Fanatik yazarı Erman Özgür bugünkü köşesinde, "Son 20 dakikada Meksika yüklenmeye çalışsa da beceri konusunda kısıtlı forvet hattı pozisyon üretmekte zorlandı. Arjantin yaşadığı büyük şokun etkilerini sonuna kadar hissettiği maçta Messi'nin pasında Fernandez ile 2. golü de bularak çok önemli bir maçı kazanmayı başardı. Messi ise bir kaptanın, saha içi liderinin, bir dünya yıldızının yapması gereken işi yaptı. Arkadaşları pek eşlik etmese de bulduğu fırsatı klas bir golle değerlendirerek maçın kahramanı oldu. Hali hazırda bu maç ya da bu turnuva bitmiş olsaydı da değişmeyecek bir gerçek var. Messi dünyanın en yetenekli oyuncusu ve bu gerçek, günlük performanslara bağlı değil ve değişmeyecek." düşüncesini dile getirdi.

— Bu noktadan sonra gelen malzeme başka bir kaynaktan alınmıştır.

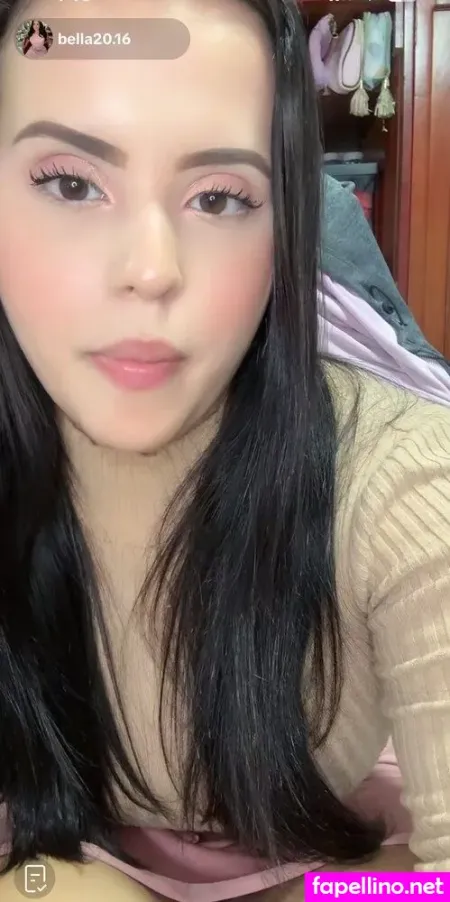 Aurora20 16 OnlyFans Thumbnail #1R8yWlF59P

Sabah yazarı Ömer Üründül de bugünkü yazısında, "İkinci yarıda işin ciddiyetini anlayan Arjantin, yüksek tempoyla oyunu karşı alana yıktı. Meksika da ilk yarının aksine tamamen 18'in önüne kapandı. İş bu katı savunmayı aşmaktı. Nihayet sahneye yıldız Messi çıktı. İlk defa şut şansı bulduğunda mükemmel bir vuruşla takımını öne geçirdi. Sonra Arjantin oyundaki üstünlüğünü devam ettirdi ve ikinci golü bularak rahatladı. Polonya maçında da Arjantin'in kazanıp yoluna devam edeceğini düşünüyorum. Bu grupta en düşük şansa sahip Meksika... Arjantin'de en büyük hayal kırıklığı ise önemli santrfor Martinez'di." ifadesini kullandı.